RADARBEKASI.ID, BEKASI – Pandemi Covid-19 membuat kegiatan belajar mengajar dilakukan secara daring (online). Padahal, tidak semua siswa dan guru siap dengan metode pembelajaran jarak jauh tersebut. Karena itu, pemerintah kini menyusun kurikulum darurat untuk memudahkan proses pembelajaran.
Kurikulum darurat tersebut merupakan hasil pembahasan bersama antara Kemenag, Kemendikbud, dan Komisi Perlindungan Anak Indonesia (KPAI). Dengan adanya kurikulum darurat itu, proses pembelajaran di rumah diharapkan bisa berjalan dengan lancar. Tanpa banyak pengaduan dari orang tua seperti saat ini.
Data KPAI menyebutkan, ada 246 pengaduan terkait dengan proses pendidikan jarak jauh di masa pandemi Covid-19. Pengaduan itu diajukan siswa maupun orang tua. Pengaduan paling tinggi ada di jenjang SMA, yakni 125 pengaduan. Disusul SMK (48 pengaduan), madrasah aliyah (24), SMP (33), madrasah tsanawiyah (3), SD (11), bahkan TK (3).
Direktur Kurikulum, Sarana, Kelembagaan, dan Kesiswaan (KSKK) Kemenag Ahmad Umar menjelaskan, kurikulum darurat itu bukan menggantikan kurikulum yang berlaku saat ini. Kurikulum darurat digunakan ketika ada kondisi darurat seperti wabah, bencana alam, atau kondisi darurat lainnya.
’’Jadi, ketika terjadi kondisi darurat kembali, sudah ada pegangan,’’ jelasnya kemarin (30/4), seperti diberitakan Jawa Pos.com (Group Radar Bekasi).
Umar mengatakan, bentuk konkret kurikulum darurat sampai sekarang masih dibahas bersama antara Kemenag, Kemendikbud, dan pihak terkait lain. Secara pribadi, dia menyebut kurikulum darurat lebih cocok mengatur proses dan alat pembelajaran.
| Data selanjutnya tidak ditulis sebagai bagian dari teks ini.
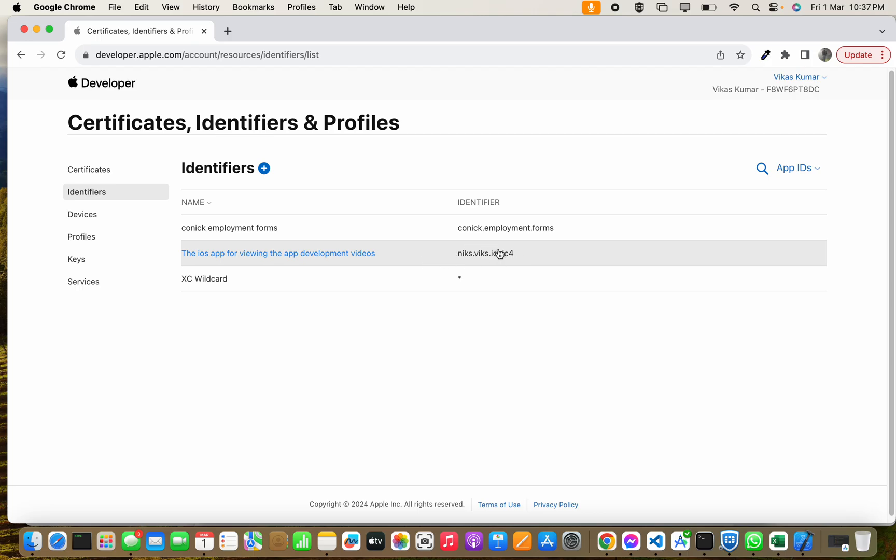We'll use this identifier inside our application when we are going to develop the application and develop the build and release the application to TestFlight and Apple Store. In the next video I will show you step by step. Thank you.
Bukan pada konten atau materi pembelajaran.
Dengan adanya kurikulum darurat itu, proses pembelajaran yang dilakukan di rumah akan tetap menyenangkan. ’’Agar siswa tidak malah stres,’’ katanya. Menurut Umar, tujuan kurikulum darurat itu adalah menciptakan proses pembelajaran dalam situasi darurat.
’’Bukan sekadar memindahkan proses belajar di sekolah ke rumah,’’ ucapnya. Menurut Umar, keluhan atau pengaduan pelaksanaan pembelajaran online atau jarak jauh sekarang ini muncul karena siswa merasa tertekan. Dia menegaskan, dalam situasi darurat seperti saat ini, sekolah atau guru tidak perlu memaksakan pembelajaran seperti di sekolah untuk diterapkan di rumah.
Proses belajar di rumah tidak harus dilakukan dengan pembelajaran online melalui streaming atau setiap hari memberikan tugas ke siswa. Sebab, tidak semua siswa memiliki jaringan internet. Sebaliknya, proses belajar dari rumah bisa menekankan pelajaran hidup atau karakter kepada siswa. Contohnya, siswa diarahkan membantu orang tua, membantu belajar adik-adiknya di rumah, atau belajar mandiri seperti membaca buku dan sejenisnya.
Umar mengatakan, pengaduan belajar dari rumah di madrasah lebih rendah dibanding di sekolah umum. Sebab, sejak awal, Kemenag memiliki pola bahwa pembelajaran di masa darurat menekankan pembentukan karakter atau akhlak murid.
Komisioner KPAI Bidang Pendidikan Retno Lisyarti menyampaikan, rakornas antara pihaknya dengan Kemenag dan Kemendikbud menghasilkan sembilan poin. Salah satunya adalah pemerintah menyusun dan menetapkan kurikulum darurat.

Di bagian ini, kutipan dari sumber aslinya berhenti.